Efficient Joint Prediction of Multiple Future Tokens
Kwangjun Ahn, Alex Lamb, John Langford
TL;DR
Efficient Joint Prediction of Multiple Future Tokens introduces joint multi-token prediction (JTP), a lightweight extension that enriches Transformer hidden states by jointly predicting a short sequence of future tokens through a representational bottleneck and a Fetch module guided by teacher forcing. By factorizing the joint future loss and constraining information flow, JTP yields a short-horizon belief state that improves representation quality without substantial overhead.

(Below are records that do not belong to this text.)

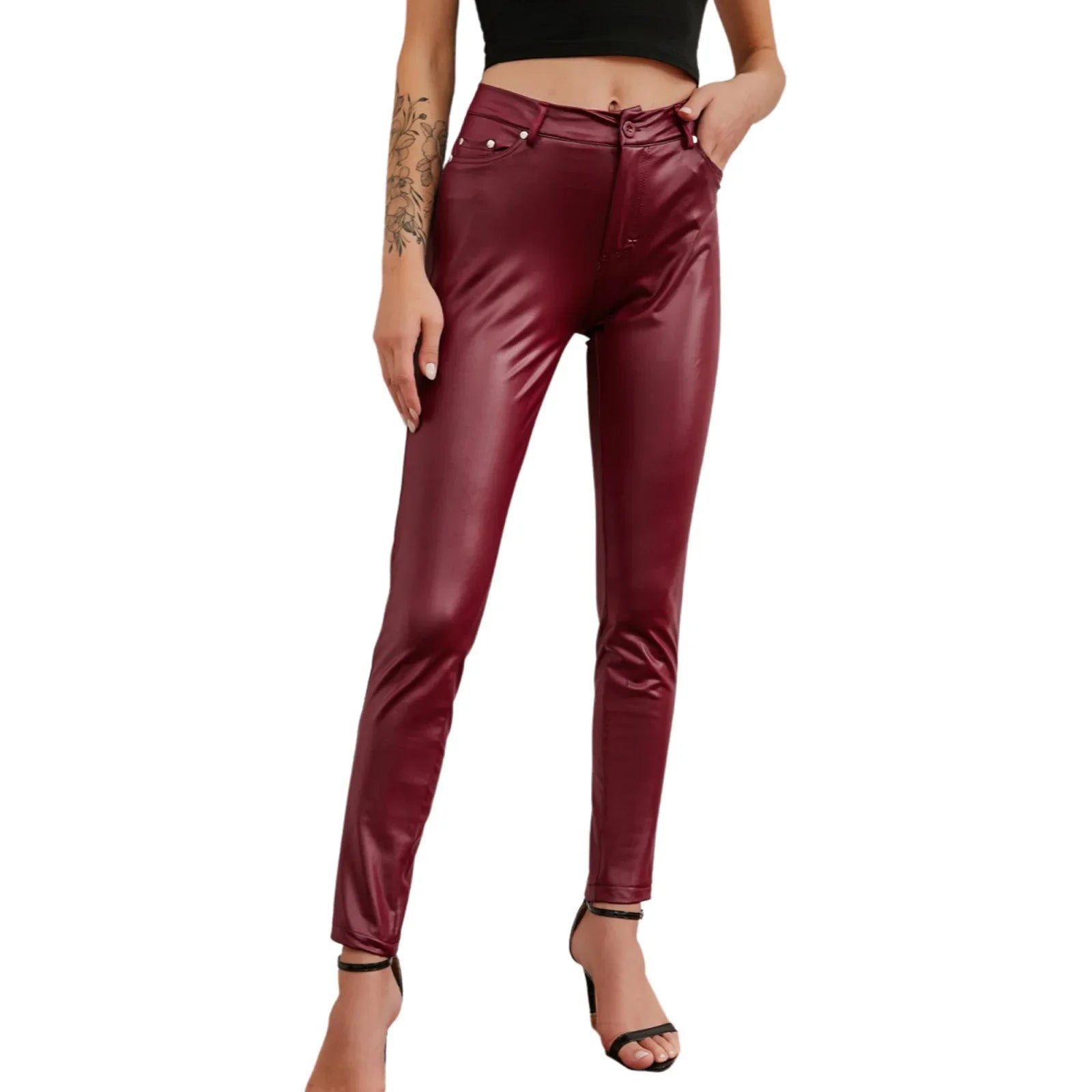 Pants PU Leather High Waist Bodycon Pencil Style Casual Chic Everyday Wear Comfort - SN Wigs & More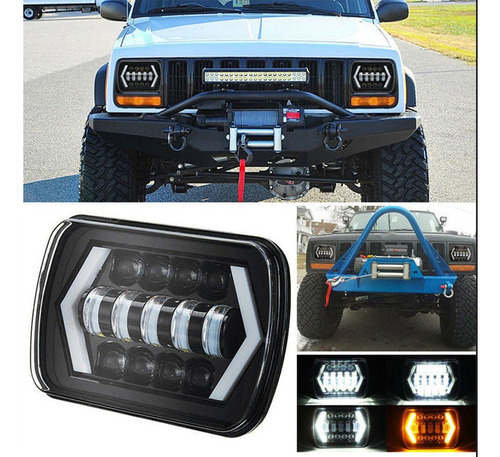 Faros Led Para Jeep Cherokee Xj Wrangler Yj, 55w, H4 Foto 2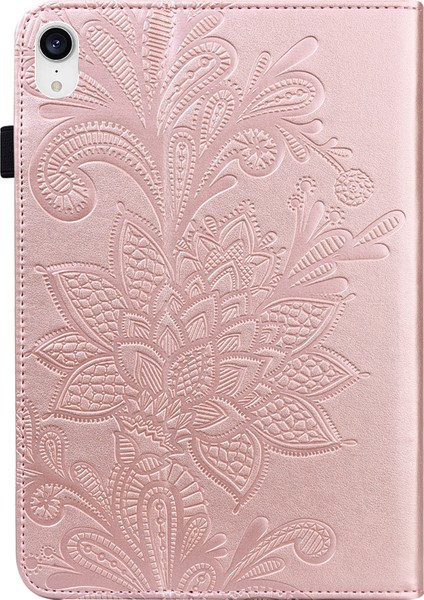 Baskılı Çiçek Desenli Stand Deri iPad Mini 6 (2021) Kart Yuvalı Tablet Kılıfı (Yurt Dışından)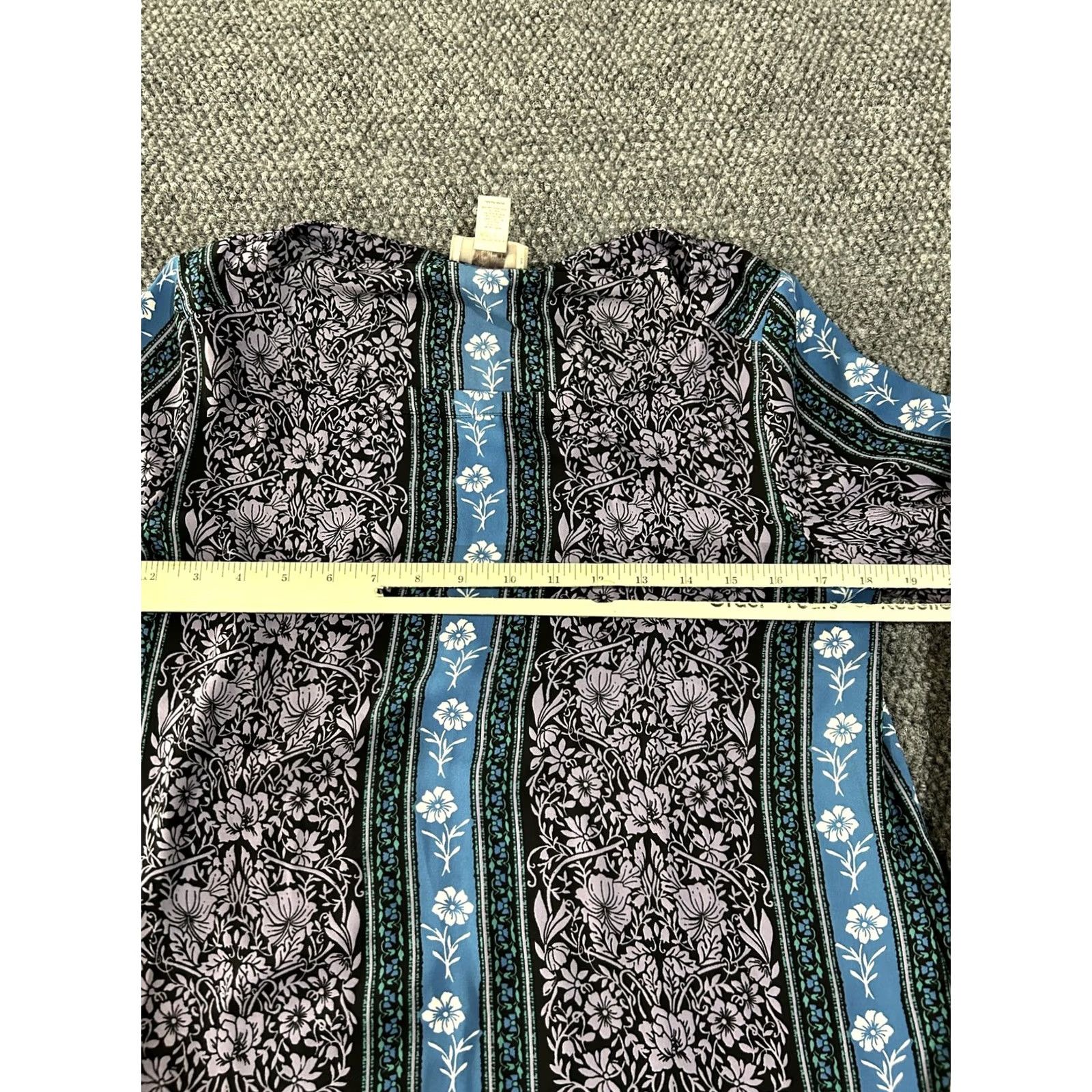 Loft LOFT Outlet Blouse Womens Small Blue Floral Boho Tunic Long Sleeve Top Size S / US 4 / IT 40 - 6 Thumbnail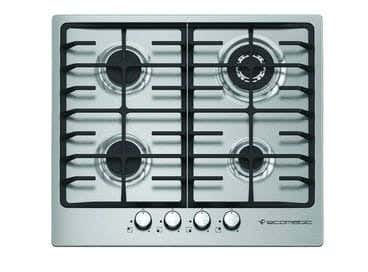 Ecomatic S603C Built-In Gas Cooker, 4 Burners, 60 Cm, - Silver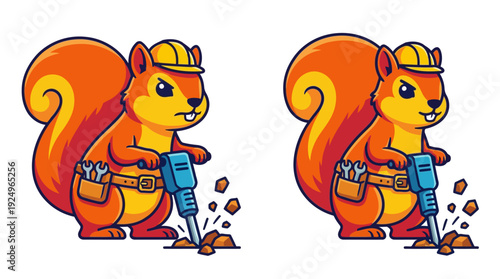 Cute Squirrel Construction Worker Operating Jackhammer Digging Ground.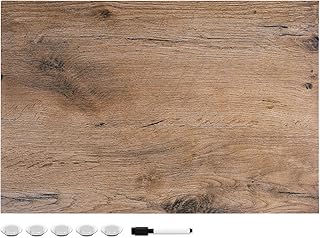 Navaris Magnetic Dry Erase Board - 16 x 24 inches Decorative White Board for Wall with Design, Includes 5 Magnets and Marker - Dark Wood
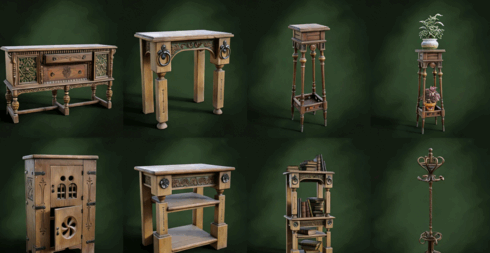 [家具模型] 中世纪复古科幻走廊家具道具室内设计3D模型合集(图4)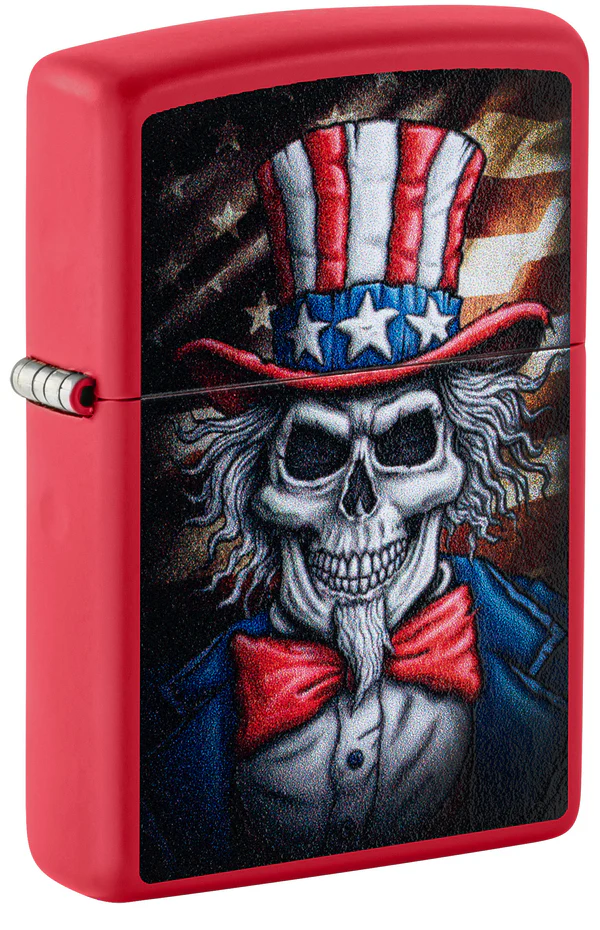 Encendedor Zippo Rojo Tío Sam Usa Calavera Cod 46696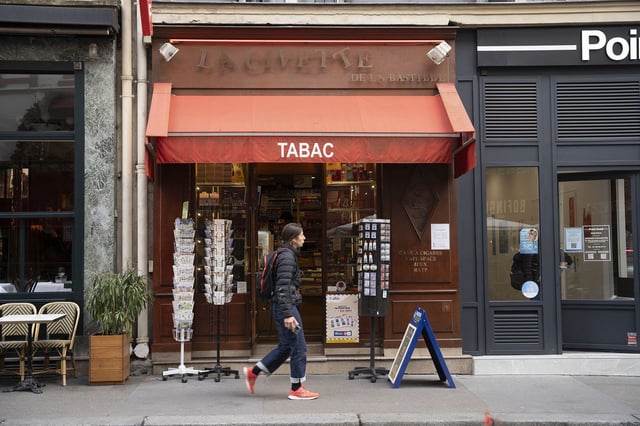Facade of a cigarette and tobacco shop in the 4th arrondissement of Paris, France on 13 September 2024. (Photo by Antoine Boureau / Hans Lucas / Hans Lucas via AFP) (Photo by ANTOINE BOUREAU/Hans Lucas/AFP via Getty Images)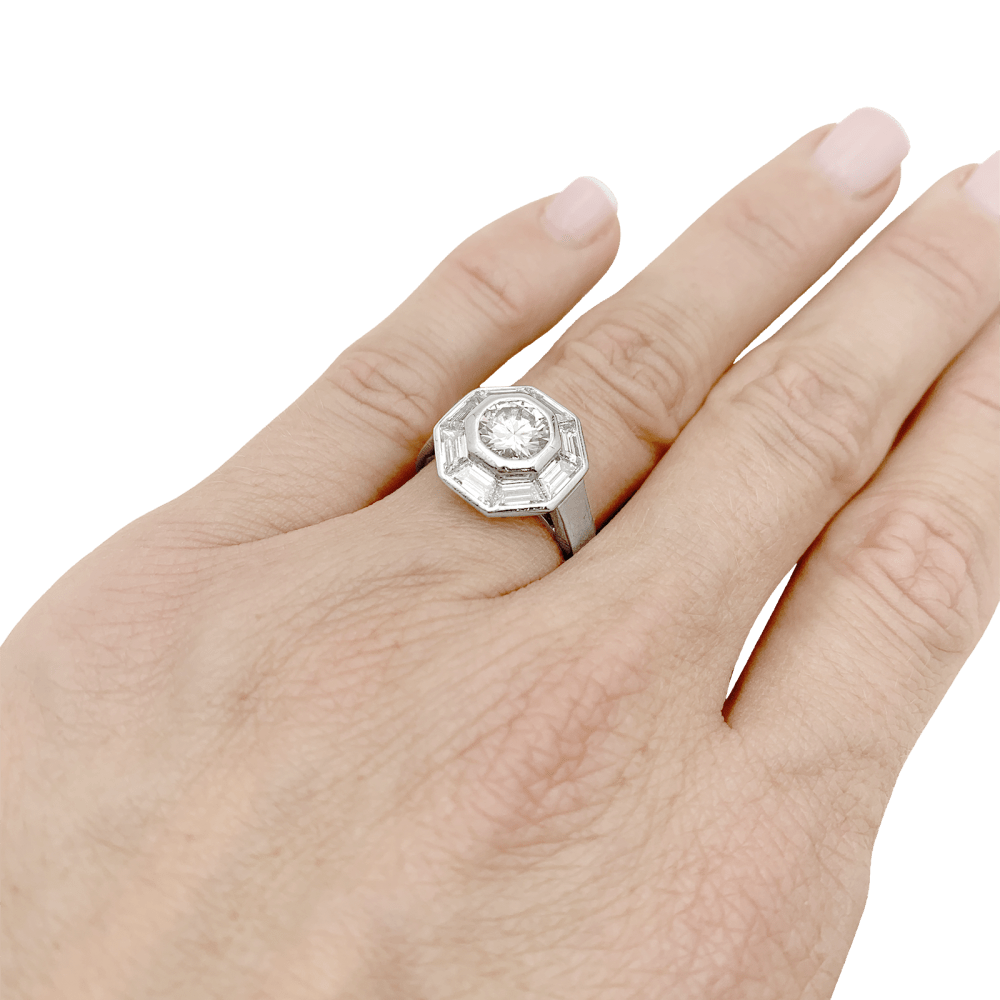 Bague MELLERIO, platine et diamants.  6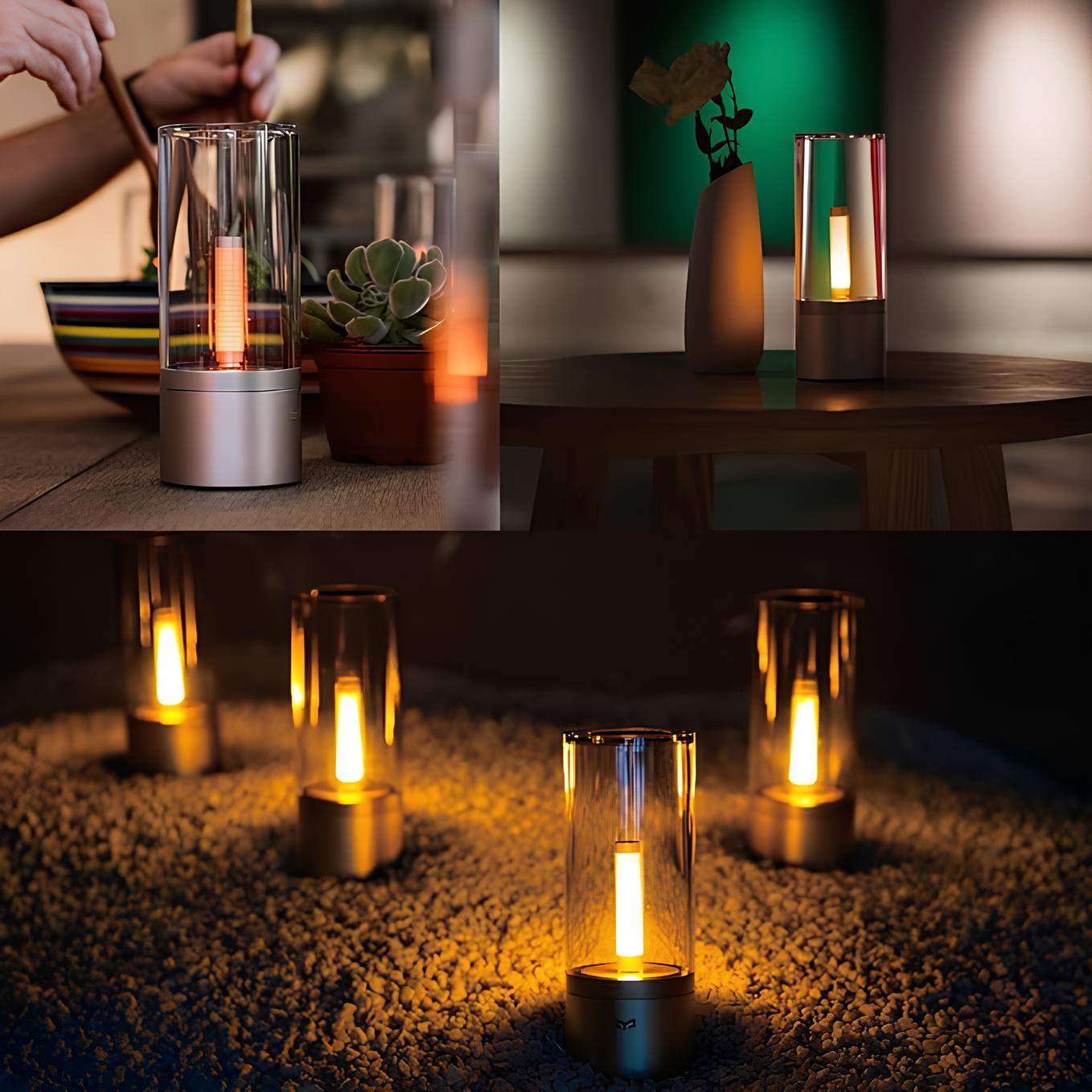 Elegante Akku Tischleuchte | Dimmbar Glasrohrlampe 3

The approach outperforms existing multi-token prediction methods on the star graph navigation task, demonstrating robust gains across small and mid-sized graphs while maintaining a compact parameter footprint. A preliminary language-modeling sanity check suggests compatibility with standard next-token objectives, motivating further exploration of JTP in broader text-modeling settings. Overall, JTP provides a principled, efficient mechanism to imbue models with forward-looking predictive information that can bolster planning-like reasoning in sequence tasks.
Abstract
In this short report, we introduce joint multi-token prediction (JTP), a lightweight modification of standard next-token prediction designed to enrich hidden state representations by jointly predicting multiple future tokens. Unlike previous multi-token prediction approaches, JTP strategically employs teacher forcing of future-tokens through a carefully designed representation bottleneck, allowing the model to encode rich predictive information with minimal computational overhead during training. We show that the JTP approach achieves a short-horizon belief state representation, while popular alternatives for multi-token prediction fail to do so. We demonstrate the effectiveness of our method on the synthetic star graph navigation task from from Bachmann and Nagarajan [2024], highlighting a significant performance improvement over existing methods. This manuscript presents promising preliminary results intended to stimulate further research.